YouTube has been struggling with kids videos for a while. Now it's throwing in the algorithmic towel: The Alphabet-owned video giant has revealed plans to stop running targeted ads on its videos aimed at child audiences.
The move could have a big impact on content creators – some of the more popular Youtubers make serious cash from adverts served up with their videos, and the child market is a lucrative one.
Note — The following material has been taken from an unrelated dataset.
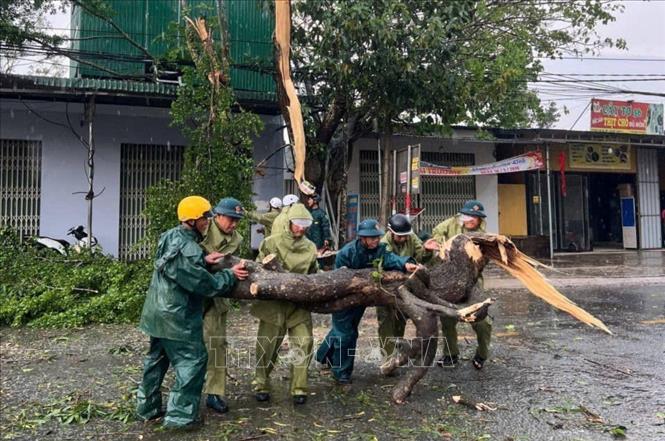 Lực lượng chức năng thu dọn hiện trường sau trận giông lốc chiều 15/4 tại xã Đam Rông 2. Ảnh: TTXVN phát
However, it's not just those that makes videos who aren't convinced. Even those who campaign against advertising to children don't feel that the move is a fix-all solution.
Ending Kids Video Ads
YouTube might have been forced into the decision: The Federal Trade Commission (FTC) is investigating a possible breach of the Children’s Online Privacy Act (COPPA), and has reached an undisclosed settlement with YouTube that might have been behind the move to stop running targeted ads on kids' content.
The videos will still run non-targeted ads, but not the more lucrative and more invasive targeted ads, which rely on user data to get a better return on their investment. It'll definitely take a big chunk out of the estimated $500 to $750 million a year YouTube rakes in on kid's content — possibly as much as $50 million a year up in smoke.
It might be bad news for that one grade schooler earning eight figures a year on YouTube, but its likely good news for those worried about their children's data being strip-mined for ads because they need to watch the Baby Shark video 50 times a day.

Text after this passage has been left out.